生き残り それを語るメッセージ「ニュー・イースト」
生き残り それを語るメッセージ
「企業は生き続けることに意味がある」。仙台市内などでネットカフェやコーヒーショップのフランチャイズ店を展開する「ニュー・イースト」(仙台市青葉区)の社長・新田秀悦さん(49)は、言葉に力を込める。
▲未来を見据え、「地域のために必ず生き残る」と語る新田さん=仙台市青葉区にあるセガフレード仙台中央通り店
2010年に設立した同社は、柔軟性とスピード感に富んだ事業運営が持ち味だ。まずは同年、フランチャイズ契約でネットカフェ「自遊空間」を一関市にオープンさせた。
翌11年3月の東日本大震災から4カ月後の7月には、アイスクリーム専門店「ゴールデンスプーン」の仙台一番町店を開業。12年にはコーヒーチェーン店「セガフレード・ザネッティ・エスプレッソ」も仙台市中心部に開いた。

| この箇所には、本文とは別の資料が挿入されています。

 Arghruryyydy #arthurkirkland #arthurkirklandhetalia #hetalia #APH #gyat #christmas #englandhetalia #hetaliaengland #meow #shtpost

スクラップ・アンド・ビルドを行いながら、店舗展開は関東方面にも及ぶ。建装業なども手掛けている。
「事業を多分野に広げれば、ビジネスチャンスも広がる。一つがダメでも他で生き残る。大事なのは絶対に失敗しないこと」と新田さん。経営ノウハウがパッケージされているフランチャイズ契約に力を入れる理由だ。
石巻市出身で、もともとは家業の運送業や建装業に携わっていた。地域経済の一翼を担う中で培った自らの哲学が「生き続けること」だった。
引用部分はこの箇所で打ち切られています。